▶ _Information supplied_:
┏━━

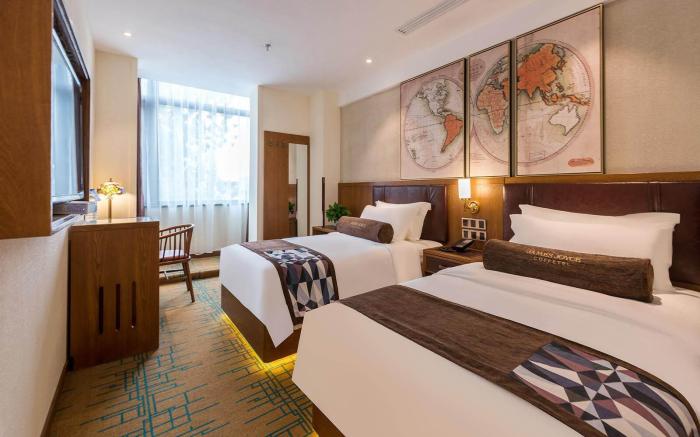 James Joyce Coffetel Beijing Guomao Jianguomen Metro Station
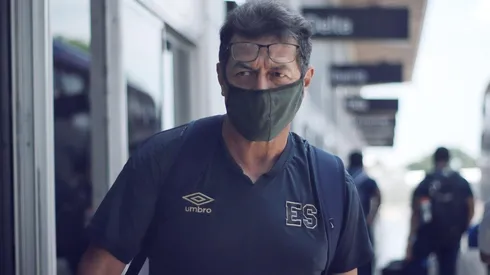 Selección de El Salvador recibe un revés por parte de la Liga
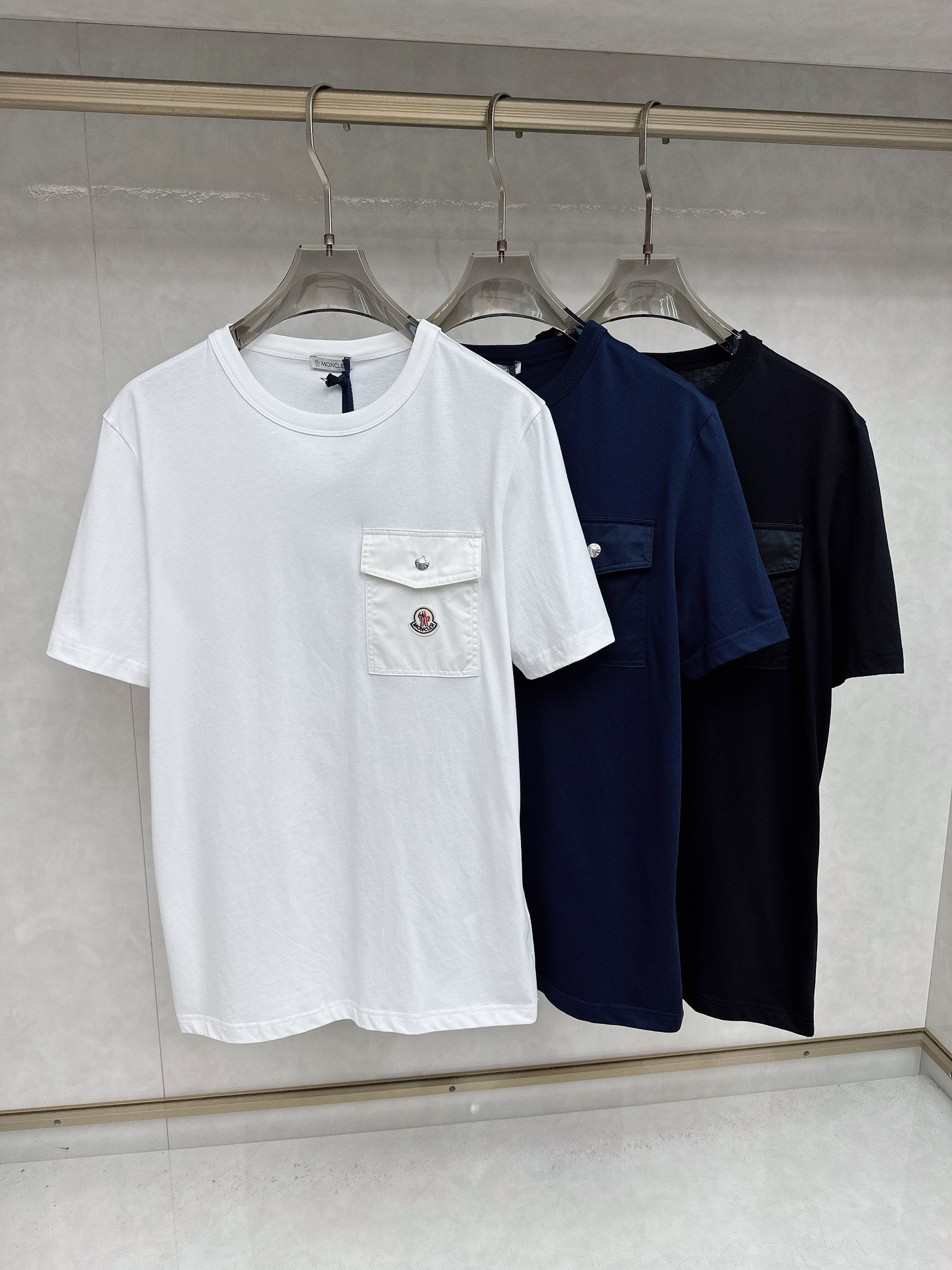 NO:507341,The latest short-sleeved T-shirt in the summer, soft touch, comfortable to wear, fine workmanship. The upper body effect is invincible and handsome, size number S-XL, Moncler, T-shirt, tees, t-shirt, alexander wang19860909蒙口 Ss夏款最新款短袖T恤,手感柔软,穿着舒适,做工精细.上身效果无敌帅气,码数 S-XL,,Moncler,T-shirt,tees，t-shirt,alexander wang,Men's clothing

┗━━

Repeat the listing exactly, minus its pictures.

▶ _Solution below_:
 James Joyce Coffetel Beijing Guomao Jianguomen Metro Station
 Selección de El Salvador recibe un revés por parte de la Liga
 NO:507341,The latest short-sleeved T-shirt in the summer, soft touch, comfortable to wear, fine workmanship. The upper body effect is invincible and handsome, size number S-XL, Moncler, T-shirt, tees, t-shirt, alexander wang19860909蒙口 Ss夏款最新款短袖T恤,手感柔软,穿着舒适,做工精细.上身效果无敌帅气,码数 S-XL,,Moncler,T-shirt,tees，t-shirt,alexander wang,Men's clothing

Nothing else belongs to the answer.